2.4 Number of Parameters
Parameter Count — Fully Connected
Layer
\[ \text{Params for layer } k = (n_{k-1}+1)\times n_k \]
\[ \text{Total} = \sum_{k=1}^{L}(n_{k-1}+1)\times n_k \]
\(n_{k-1}\) = neurons in previous layer
· \(n_k\) = neurons in current layer
· \(+1\) accounts for the bias weight per
neuron.
Example (Raschka): input=8, h1=12, h2=8, output=1 → \((8+1)\times12 + (12+1)\times8 + (8+1)\times1 = 108+104+9 = \mathbf{221}\) total params.
Example (Raschka): input=8, h1=12, h2=8, output=1 → \((8+1)\times12 + (12+1)\times8 + (8+1)\times1 = 108+104+9 = \mathbf{221}\) total params.
2.5 Worked Example: XOR with Sigmoid
XOR Network (Sigmoid Activation —
Non-Linear Solution)
\[ h_1 = \sigma(-10 + 20x_1 + 20x_2), \quad h_2 = \sigma(30 - 20x_1 -
20x_2) \]
\[ y = \sigma(-30 + 20h_1 + 20h_2), \qquad \text{where}\quad \sigma(z)
= \frac{1}{1+e^{-z}} \]
Input \((0,0)\): \(h_1\approx 0, h_2\approx
1 \Rightarrow y\approx 0\). Input \((0,1)\): \(h_1\approx 1,
h_2\approx 1 \Rightarrow y\approx 1\). Input \((1,1)\): \(h_1\approx
1, h_2\approx 0 \Rightarrow y\approx 0\).
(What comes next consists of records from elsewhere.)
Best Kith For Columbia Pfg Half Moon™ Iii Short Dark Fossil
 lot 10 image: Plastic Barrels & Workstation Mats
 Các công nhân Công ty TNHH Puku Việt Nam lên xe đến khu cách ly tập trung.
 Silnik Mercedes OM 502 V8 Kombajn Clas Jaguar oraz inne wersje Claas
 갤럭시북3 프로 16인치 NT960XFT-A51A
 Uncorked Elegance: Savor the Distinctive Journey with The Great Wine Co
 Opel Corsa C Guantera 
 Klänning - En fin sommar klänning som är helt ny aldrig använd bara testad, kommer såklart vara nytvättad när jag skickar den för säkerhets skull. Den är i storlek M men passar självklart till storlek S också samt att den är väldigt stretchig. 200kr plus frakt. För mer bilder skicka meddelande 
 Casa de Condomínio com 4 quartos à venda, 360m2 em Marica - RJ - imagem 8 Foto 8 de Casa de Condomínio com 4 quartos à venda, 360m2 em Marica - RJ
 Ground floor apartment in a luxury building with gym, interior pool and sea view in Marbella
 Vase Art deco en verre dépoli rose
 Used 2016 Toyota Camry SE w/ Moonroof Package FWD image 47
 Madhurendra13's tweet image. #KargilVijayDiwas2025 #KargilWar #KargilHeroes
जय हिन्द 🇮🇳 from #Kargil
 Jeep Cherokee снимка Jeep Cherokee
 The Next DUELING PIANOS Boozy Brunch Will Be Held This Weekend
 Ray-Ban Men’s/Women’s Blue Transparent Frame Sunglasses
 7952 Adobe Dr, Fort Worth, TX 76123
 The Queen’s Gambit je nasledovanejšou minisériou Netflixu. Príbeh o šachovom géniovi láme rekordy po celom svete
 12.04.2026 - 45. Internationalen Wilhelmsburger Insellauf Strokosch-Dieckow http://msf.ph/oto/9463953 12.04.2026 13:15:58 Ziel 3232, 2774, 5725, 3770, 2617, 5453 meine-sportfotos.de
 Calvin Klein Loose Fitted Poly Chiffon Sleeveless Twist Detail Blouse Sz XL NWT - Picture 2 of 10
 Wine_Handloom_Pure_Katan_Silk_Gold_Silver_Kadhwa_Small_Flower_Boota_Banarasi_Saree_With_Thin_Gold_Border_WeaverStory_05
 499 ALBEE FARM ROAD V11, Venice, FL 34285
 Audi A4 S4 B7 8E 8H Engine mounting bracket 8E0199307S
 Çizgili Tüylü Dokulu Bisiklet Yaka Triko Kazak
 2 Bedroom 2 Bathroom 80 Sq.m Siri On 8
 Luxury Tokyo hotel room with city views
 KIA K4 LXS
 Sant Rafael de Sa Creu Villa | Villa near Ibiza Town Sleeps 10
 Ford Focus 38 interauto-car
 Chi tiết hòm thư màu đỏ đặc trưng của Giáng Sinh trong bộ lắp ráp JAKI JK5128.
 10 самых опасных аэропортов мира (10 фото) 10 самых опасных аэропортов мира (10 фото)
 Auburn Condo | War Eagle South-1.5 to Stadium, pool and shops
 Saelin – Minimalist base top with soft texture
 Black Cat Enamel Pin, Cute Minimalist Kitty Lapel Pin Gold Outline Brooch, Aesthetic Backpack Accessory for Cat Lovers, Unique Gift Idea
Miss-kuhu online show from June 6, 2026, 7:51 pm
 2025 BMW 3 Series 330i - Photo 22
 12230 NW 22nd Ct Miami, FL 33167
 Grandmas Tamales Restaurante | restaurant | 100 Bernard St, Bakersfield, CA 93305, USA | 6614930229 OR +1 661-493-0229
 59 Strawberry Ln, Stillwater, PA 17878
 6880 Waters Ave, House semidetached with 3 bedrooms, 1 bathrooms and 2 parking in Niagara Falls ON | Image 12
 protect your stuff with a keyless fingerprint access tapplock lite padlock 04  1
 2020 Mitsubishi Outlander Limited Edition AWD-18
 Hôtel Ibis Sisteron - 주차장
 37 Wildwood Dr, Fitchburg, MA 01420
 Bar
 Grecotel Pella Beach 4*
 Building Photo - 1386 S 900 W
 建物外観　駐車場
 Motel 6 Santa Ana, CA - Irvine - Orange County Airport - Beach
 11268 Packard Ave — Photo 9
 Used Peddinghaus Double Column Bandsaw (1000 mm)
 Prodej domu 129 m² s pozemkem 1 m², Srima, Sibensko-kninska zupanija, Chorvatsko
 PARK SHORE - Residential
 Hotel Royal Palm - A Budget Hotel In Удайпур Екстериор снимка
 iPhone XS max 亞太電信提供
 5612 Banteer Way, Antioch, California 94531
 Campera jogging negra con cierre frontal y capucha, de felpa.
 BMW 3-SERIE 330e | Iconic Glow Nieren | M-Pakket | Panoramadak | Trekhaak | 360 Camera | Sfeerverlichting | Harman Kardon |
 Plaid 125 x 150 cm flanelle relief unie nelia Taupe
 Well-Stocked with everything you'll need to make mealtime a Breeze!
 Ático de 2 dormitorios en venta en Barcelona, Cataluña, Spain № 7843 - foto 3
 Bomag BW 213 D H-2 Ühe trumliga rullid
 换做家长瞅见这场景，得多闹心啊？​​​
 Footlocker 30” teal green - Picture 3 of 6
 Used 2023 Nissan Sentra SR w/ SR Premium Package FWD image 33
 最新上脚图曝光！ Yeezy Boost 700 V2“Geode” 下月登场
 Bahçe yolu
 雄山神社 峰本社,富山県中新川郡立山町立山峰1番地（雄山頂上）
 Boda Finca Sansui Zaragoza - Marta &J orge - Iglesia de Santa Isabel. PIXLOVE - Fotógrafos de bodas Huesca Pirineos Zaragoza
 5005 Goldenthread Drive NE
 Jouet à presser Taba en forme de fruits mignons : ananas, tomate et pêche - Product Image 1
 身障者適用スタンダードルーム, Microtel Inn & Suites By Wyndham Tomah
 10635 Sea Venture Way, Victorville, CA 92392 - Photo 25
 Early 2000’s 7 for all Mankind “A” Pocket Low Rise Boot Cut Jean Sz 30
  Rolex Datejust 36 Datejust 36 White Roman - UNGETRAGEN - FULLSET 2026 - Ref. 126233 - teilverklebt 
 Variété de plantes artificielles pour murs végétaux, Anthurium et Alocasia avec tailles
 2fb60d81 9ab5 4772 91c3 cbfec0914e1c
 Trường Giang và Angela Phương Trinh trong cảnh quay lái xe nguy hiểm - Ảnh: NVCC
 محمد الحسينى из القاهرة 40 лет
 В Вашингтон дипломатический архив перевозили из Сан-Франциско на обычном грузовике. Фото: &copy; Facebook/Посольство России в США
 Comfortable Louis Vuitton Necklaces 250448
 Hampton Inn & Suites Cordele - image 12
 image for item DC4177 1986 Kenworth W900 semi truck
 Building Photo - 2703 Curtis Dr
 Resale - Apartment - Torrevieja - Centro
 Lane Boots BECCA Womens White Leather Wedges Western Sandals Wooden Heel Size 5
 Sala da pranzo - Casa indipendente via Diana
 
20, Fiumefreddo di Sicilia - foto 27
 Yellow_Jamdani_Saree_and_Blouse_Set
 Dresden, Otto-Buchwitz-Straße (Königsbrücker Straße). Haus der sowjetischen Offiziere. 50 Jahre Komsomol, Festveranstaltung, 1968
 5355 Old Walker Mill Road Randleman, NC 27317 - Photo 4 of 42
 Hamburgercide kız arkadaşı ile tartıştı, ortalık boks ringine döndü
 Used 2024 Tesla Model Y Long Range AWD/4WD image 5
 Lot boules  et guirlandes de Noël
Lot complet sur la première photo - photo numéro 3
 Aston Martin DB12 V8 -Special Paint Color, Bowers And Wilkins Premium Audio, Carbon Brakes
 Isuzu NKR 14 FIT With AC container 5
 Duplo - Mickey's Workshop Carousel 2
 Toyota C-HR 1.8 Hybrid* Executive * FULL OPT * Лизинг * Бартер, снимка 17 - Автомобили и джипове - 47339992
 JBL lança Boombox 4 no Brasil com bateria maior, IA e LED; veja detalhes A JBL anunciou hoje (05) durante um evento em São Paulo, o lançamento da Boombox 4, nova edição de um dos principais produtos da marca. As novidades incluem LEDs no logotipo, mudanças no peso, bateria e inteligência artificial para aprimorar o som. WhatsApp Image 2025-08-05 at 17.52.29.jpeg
Correctly solves
XOR.
03 · Activation Functions
Activation Functions & Loss Functions
Non-linear functions applied element-wise after the weighted sum. Without non-linearity, stacking any number of layers collapses to a single linear transformation.
3.1 Why Non-linearity?
Universal Approximation
Theorem: A single hidden layer with sufficient neurons can
approximate any continuous function to arbitrary accuracy. However,
deep networks require exponentially fewer neurons than
shallow networks for the same approximation quality, generalize
better, and empirically outperform shallow networks. Test accuracy
improves as depth increases from 3 to 11 layers; CNNs consistently
outperform fully-connected nets with the same parameter count.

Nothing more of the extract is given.